(Beginning of The data)

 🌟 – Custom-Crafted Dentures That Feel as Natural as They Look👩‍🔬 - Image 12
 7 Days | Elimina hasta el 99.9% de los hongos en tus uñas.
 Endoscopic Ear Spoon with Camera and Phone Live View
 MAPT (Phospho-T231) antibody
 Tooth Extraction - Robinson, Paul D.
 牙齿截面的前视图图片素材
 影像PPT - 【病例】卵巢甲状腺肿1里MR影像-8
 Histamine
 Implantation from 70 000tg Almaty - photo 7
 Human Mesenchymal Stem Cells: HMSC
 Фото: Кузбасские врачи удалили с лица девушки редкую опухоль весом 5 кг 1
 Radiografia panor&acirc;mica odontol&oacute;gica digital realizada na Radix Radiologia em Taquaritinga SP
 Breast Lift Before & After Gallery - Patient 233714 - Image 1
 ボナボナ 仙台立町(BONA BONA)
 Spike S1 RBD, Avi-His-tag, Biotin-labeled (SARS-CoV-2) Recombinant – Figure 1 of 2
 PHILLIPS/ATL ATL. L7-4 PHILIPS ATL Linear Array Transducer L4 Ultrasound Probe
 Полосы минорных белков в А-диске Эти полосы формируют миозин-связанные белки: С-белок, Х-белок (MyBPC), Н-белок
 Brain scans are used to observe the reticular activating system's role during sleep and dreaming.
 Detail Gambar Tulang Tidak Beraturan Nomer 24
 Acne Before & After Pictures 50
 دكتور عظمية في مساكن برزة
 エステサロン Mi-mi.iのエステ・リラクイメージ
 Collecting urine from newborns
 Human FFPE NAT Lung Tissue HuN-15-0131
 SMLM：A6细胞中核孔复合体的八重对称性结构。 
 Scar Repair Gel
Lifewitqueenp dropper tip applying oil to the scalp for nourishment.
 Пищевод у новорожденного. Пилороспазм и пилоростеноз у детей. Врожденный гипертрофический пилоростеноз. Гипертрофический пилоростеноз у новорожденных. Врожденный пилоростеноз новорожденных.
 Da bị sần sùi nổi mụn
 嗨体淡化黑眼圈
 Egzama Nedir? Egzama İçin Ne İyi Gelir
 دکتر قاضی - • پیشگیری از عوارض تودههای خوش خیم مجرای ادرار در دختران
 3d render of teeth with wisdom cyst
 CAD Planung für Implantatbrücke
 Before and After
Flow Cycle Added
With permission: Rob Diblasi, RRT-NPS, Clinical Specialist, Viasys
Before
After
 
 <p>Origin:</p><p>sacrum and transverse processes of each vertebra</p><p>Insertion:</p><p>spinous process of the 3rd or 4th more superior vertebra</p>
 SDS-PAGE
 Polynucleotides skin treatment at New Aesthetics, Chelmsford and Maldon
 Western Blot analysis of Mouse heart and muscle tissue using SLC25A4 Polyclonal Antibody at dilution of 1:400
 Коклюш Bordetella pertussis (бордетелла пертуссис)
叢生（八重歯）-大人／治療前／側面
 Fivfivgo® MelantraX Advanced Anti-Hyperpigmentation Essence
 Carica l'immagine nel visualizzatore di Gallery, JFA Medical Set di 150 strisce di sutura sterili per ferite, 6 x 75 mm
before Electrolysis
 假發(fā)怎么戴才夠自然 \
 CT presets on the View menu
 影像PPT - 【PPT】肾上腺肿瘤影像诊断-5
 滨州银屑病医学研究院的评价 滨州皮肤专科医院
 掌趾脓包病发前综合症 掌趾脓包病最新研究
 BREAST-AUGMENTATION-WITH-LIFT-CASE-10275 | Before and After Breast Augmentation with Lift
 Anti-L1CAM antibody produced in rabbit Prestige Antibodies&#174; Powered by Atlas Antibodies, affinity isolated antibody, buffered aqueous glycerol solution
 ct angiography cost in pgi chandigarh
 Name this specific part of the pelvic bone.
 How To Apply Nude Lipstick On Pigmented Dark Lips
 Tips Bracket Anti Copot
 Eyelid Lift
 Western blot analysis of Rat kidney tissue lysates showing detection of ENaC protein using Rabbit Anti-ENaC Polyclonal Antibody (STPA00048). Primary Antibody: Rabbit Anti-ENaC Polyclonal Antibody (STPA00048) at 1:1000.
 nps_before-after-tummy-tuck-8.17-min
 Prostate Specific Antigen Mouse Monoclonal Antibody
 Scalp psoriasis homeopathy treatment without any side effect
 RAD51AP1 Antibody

(End of The data)

**About this exercise**
Starting at the first line of the records above, please copy each line exactly until you reach the line containing "Пищевод у новорожденного.". Include that line and stop there.

**Solved exercise**
 🌟 – Custom-Crafted Dentures That Feel as Natural as They Look👩‍🔬 - Image 12
 7 Days | Elimina hasta el 99.9% de los hongos en tus uñas.
 Endoscopic Ear Spoon with Camera and Phone Live View
 MAPT (Phospho-T231) antibody
 Tooth Extraction - Robinson, Paul D.
 牙齿截面的前视图图片素材
 影像PPT - 【病例】卵巢甲状腺肿1里MR影像-8
 Histamine
 Implantation from 70 000tg Almaty - photo 7
 Human Mesenchymal Stem Cells: HMSC
 Фото: Кузбасские врачи удалили с лица девушки редкую опухоль весом 5 кг 1
 Radiografia panor&acirc;mica odontol&oacute;gica digital realizada na Radix Radiologia em Taquaritinga SP
 Breast Lift Before & After Gallery - Patient 233714 - Image 1
 ボナボナ 仙台立町(BONA BONA)
 Spike S1 RBD, Avi-His-tag, Biotin-labeled (SARS-CoV-2) Recombinant – Figure 1 of 2
 PHILLIPS/ATL ATL. L7-4 PHILIPS ATL Linear Array Transducer L4 Ultrasound Probe
 Полосы минорных белков в А-диске Эти полосы формируют миозин-связанные белки: С-белок, Х-белок (MyBPC), Н-белок
 Brain scans are used to observe the reticular activating system's role during sleep and dreaming.
 Detail Gambar Tulang Tidak Beraturan Nomer 24
 Acne Before & After Pictures 50
 دكتور عظمية في مساكن برزة
 エステサロン Mi-mi.iのエステ・リラクイメージ
 Collecting urine from newborns
 Human FFPE NAT Lung Tissue HuN-15-0131
 SMLM：A6细胞中核孔复合体的八重对称性结构。 
 Scar Repair Gel
Lifewitqueenp dropper tip applying oil to the scalp for nourishment.
 Пищевод у новорожденного. Пилороспазм и пилоростеноз у детей. Врожденный гипертрофический пилоростеноз. Гипертрофический пилоростеноз у новорожденных. Врожденный пилоростеноз новорожденных.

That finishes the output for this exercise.